If you play lively gigs where it’s important that the whole audience can hear you loud and clear, you should definitely consider a pair of 745’s if they’re within your budget. You will not be disappointed. The 745’s totally blow away most of the other MI grade speakers out there and your audience WILL notice a BIG difference in your performance when you play through these boxes.
Even when you push them to the limit, the 745’s still retain clarity and warmth. In essence, that’s really what you’re paying for here: the ability to fill a large room with high quality sound at good volume levels, even getting it to the ears of those audience members sitting at the back.

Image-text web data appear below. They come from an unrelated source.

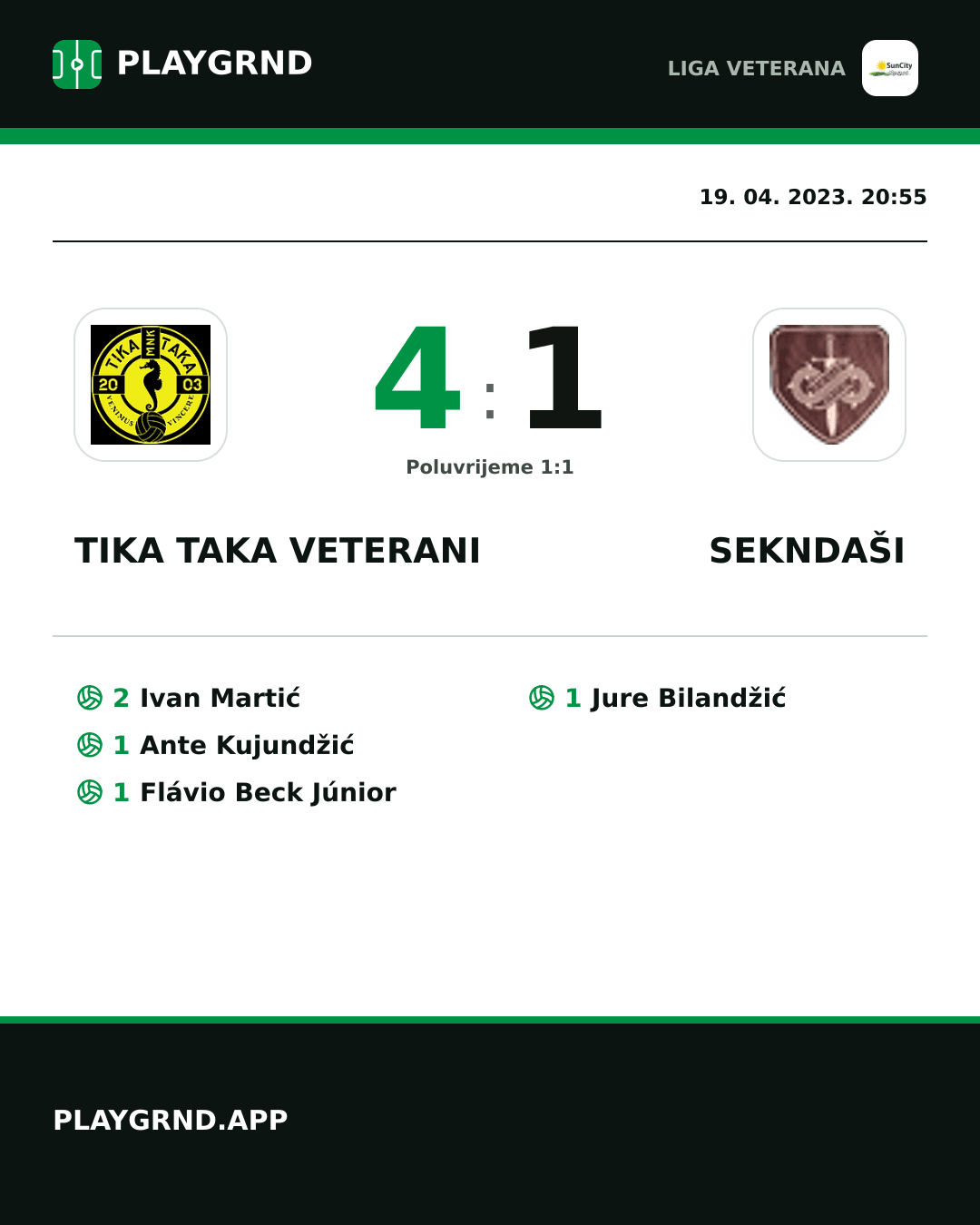 Instagram slika: Tika Taka Veterani 4:1 Sekndaši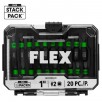 FLEX STACK PACK IMPACKS 1/4-in x 1-in Square/Robertson Impact Driver Bit (20-Piece)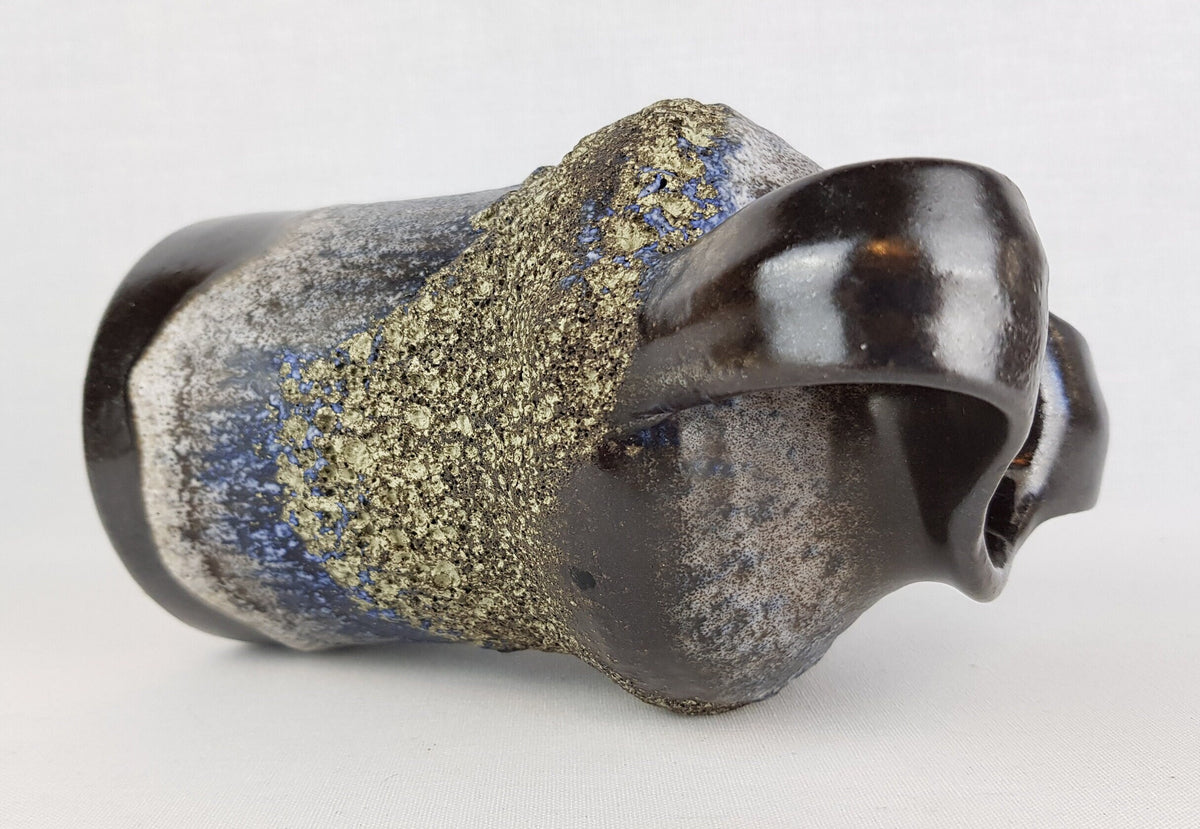 Vintage CARSTENS KERAMIK Brown, White and Blue Fat Lava Double Handled Vase West German Pottery 1970s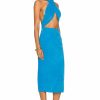 New * Laquan Smith Suede Wrap Neck Halter Midi Dress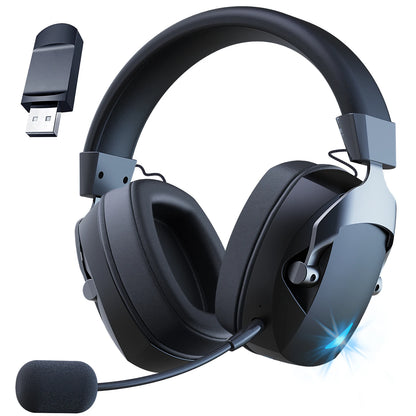 Wireless Gaming Headset with Detachable Noise Cancelling Microphone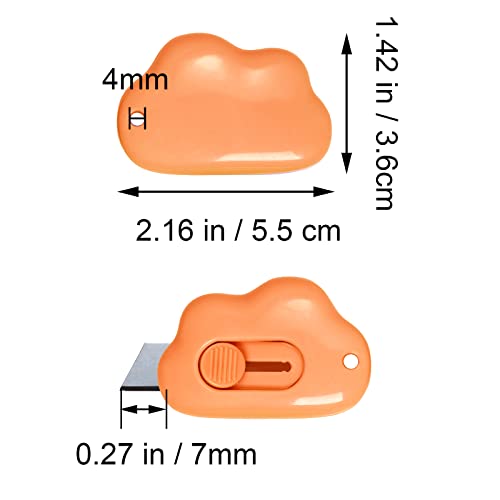 Fengek 3 Pcs Mini Retractable Utility Knife Cloud Pocket Box Cutters Plastic Letter Opener Slide Open With Keychain Hole For Box Letter Envelope, Cloud Shape (Multicolor B) #TOP1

Having used these RCF speakers for more than two years at many small and medium sized gigs (and a few large gigs too), they have proved to be robust and reliable with no breakdown or failures or problems of any kind.
Before I finish, I should maybe just quickly mention that the rear panel of the 745 has only very basic ins and outs and this may not be enough for some folks. Personally, I use my 745’s with a separate mixing desk so the lack of ins and outs isn’t a problem for me. All I need is a single XLR cable coming from my mixer to each speaker and I’m good to go.
However the lack of ins and outs on the back of the 745 may be a bit of a problem for some folks if you don’t use a mixer and need multiple ins and outs on the actual speaker itself. So just remember that on the 745 you DON’T get multiple channels, fx, rca ins, minijack ins, bluetooth, or preset eq’s etc. In fact RCF don’t even provide a sub output! Even cheap powered speakers usually have something like an 80hz, 100hz or 120hz output for using with subs, but alas not so on the 745.
So is the RCF Art 745A the right speaker for you?
Maybe, maybe not.
I suggest before you even think about rushing out and investing in these fabulous speakers (and trust me, they ARE fabulous), bear in mind that £2,000 can buy you an awful lot of kit and there a lot of good speakers out there.
All the big players like QSC, JBL, Yamaha, EV etc make high end speakers priced similarly to the 745’s (give or take £100 or two). They all sound slightly different and each has a slightly different character to its sound. For example, the horns on the QSC’s are very smooth compared to the Yamahas which are a bit more cutting and in your face. That doesn’t necessarily mean one is better than the other. One person might find the QSC’s too dull while another person may find them to be more natural because of it. One person may find the Yamahas too bright and harsh while another person may find that they cut through better because of it!
Every speaker from every manufacturer has its pros and cons, but the good news is that when you pay over £2,000 for any pair of speakers, you’re very unlikely to get a bad sounding speaker. They all sound great in their own individual ways and so they should.
RCF, QSC, JBL, Yamaha, EV, take your pick. Quite frankly I’d be happy to play a gig through any of them (and I have indeed played gigs through most of them).
So “you pay your money and make your choice” as the old saying goes.